::: Information shown

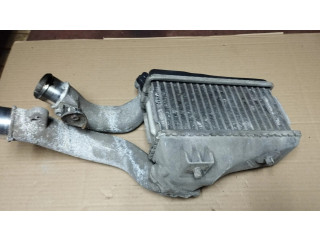 Интеркулер     Honda Civic IX 2.2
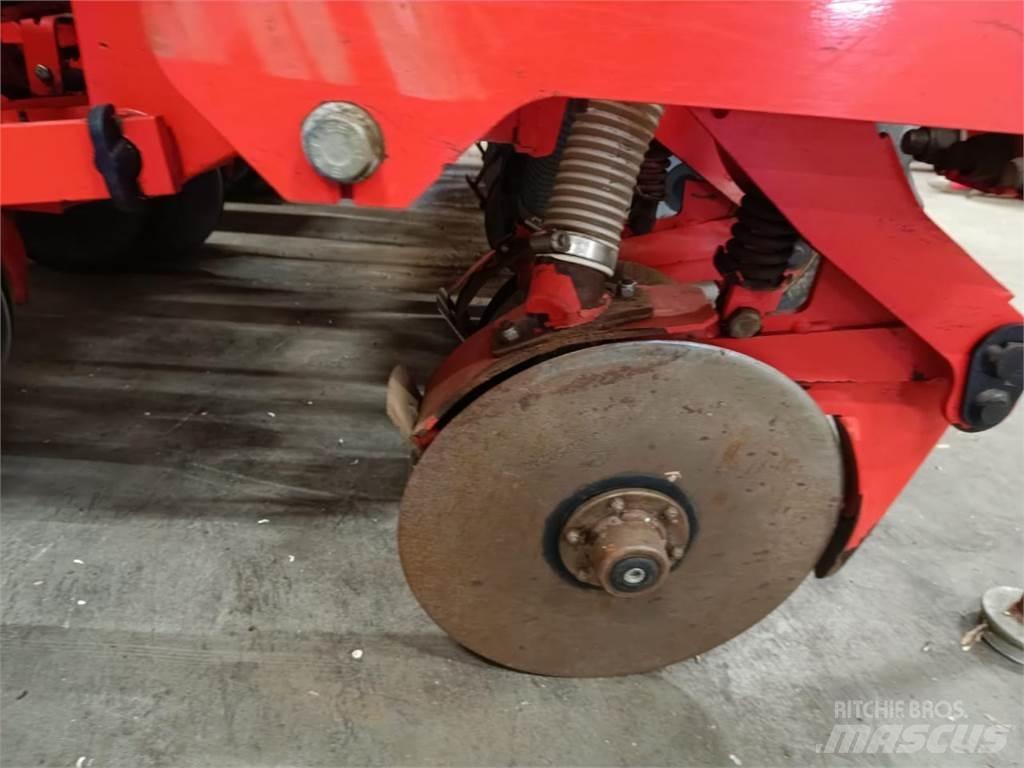 Kuhn Maxima 2TS 정밀 조파기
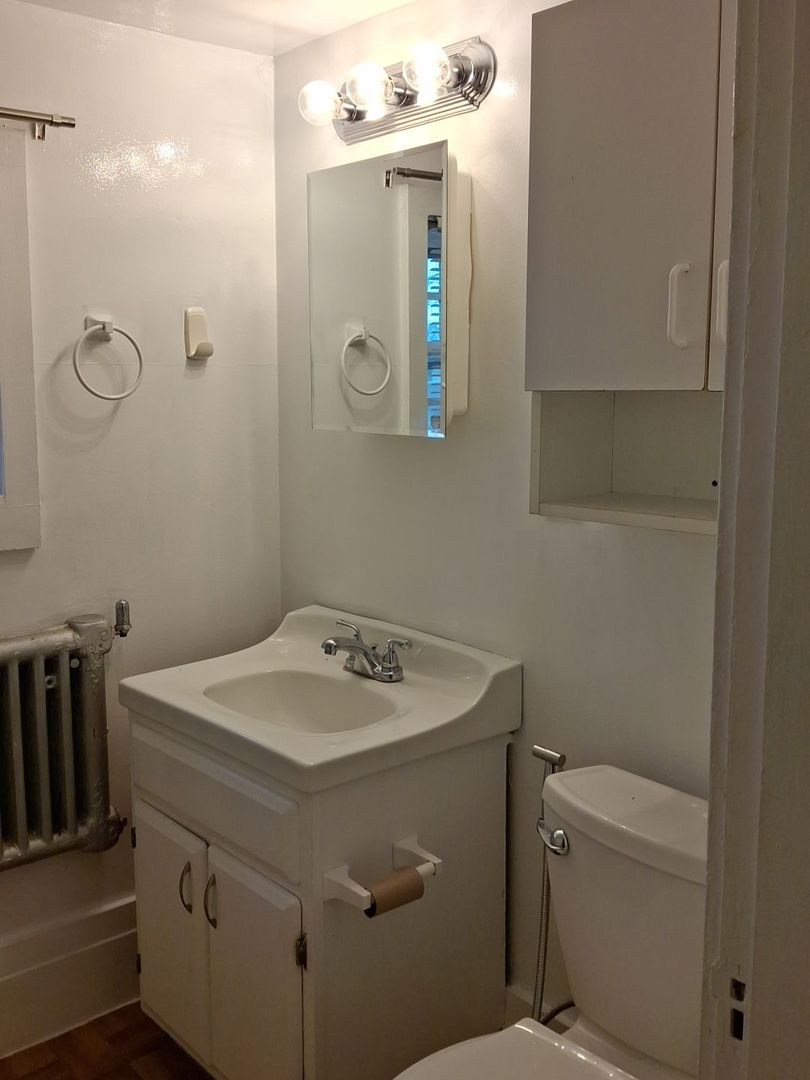 Worcester Apartment: 3 Marston Way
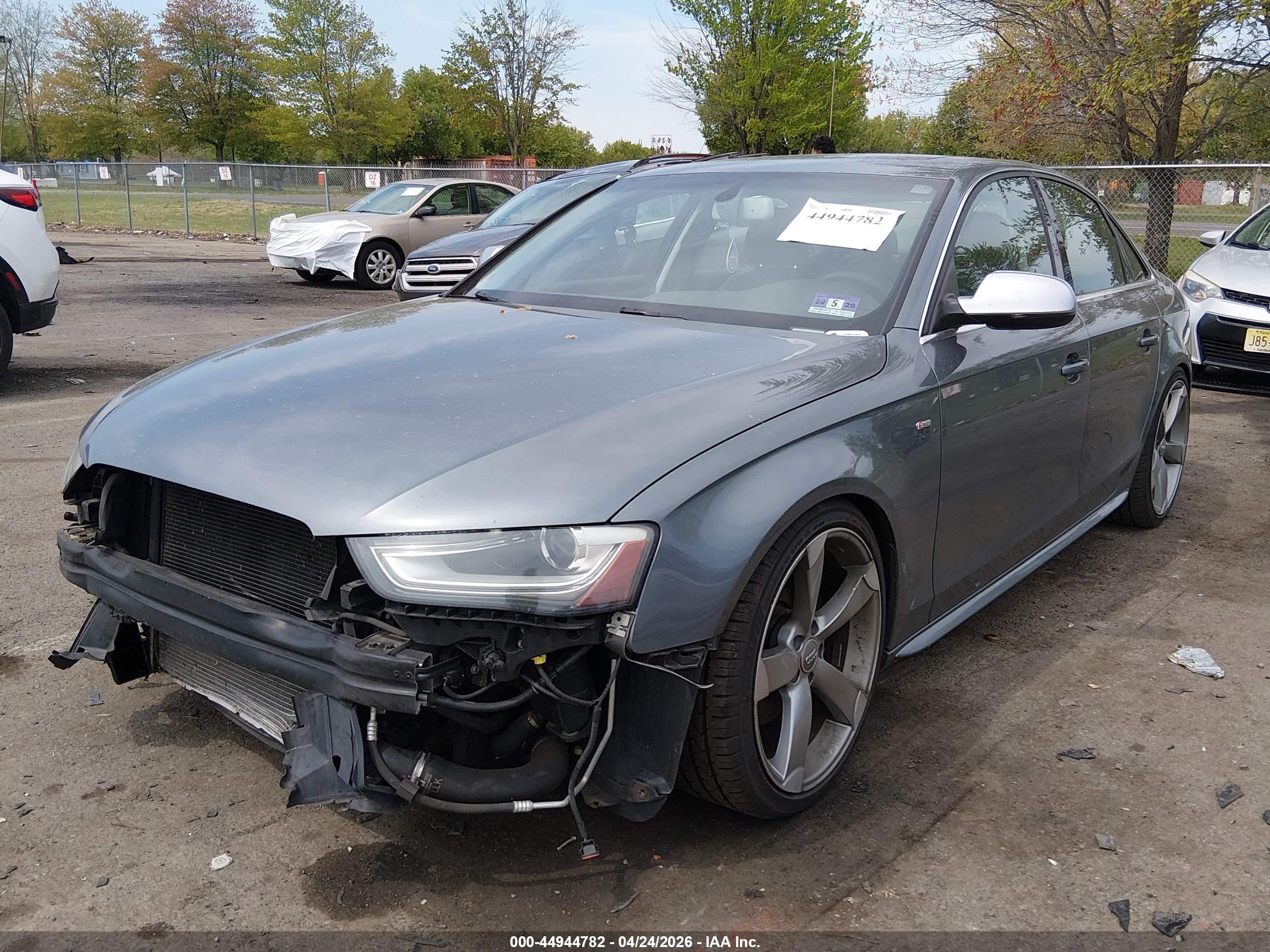 2015 Audi A4 2.0t Premium Gray vin: WAUFFAFL3FN018632
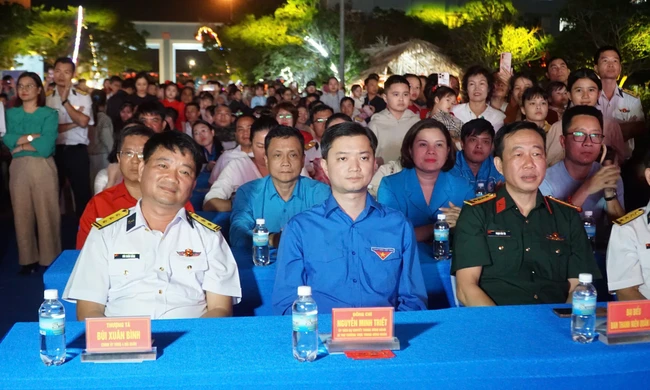 Anh Nguyễn Minh Triết dự chương trình 'Đêm hội sắc xuân' tại Vùng 4 Hải quân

::::::

* _Problem to work on_:
Repeat all the material exactly, but keep pictures out of the copy.

* _Answer to this problem_:
 Интеркулер     Honda Civic IX 2.2
 Kuhn Maxima 2TS 정밀 조파기
 Worcester Apartment: 3 Marston Way
 2015 Audi A4 2.0t Premium Gray vin: WAUFFAFL3FN018632
 Anh Nguyễn Minh Triết dự chương trình 'Đêm hội sắc xuân' tại Vùng 4 Hải quân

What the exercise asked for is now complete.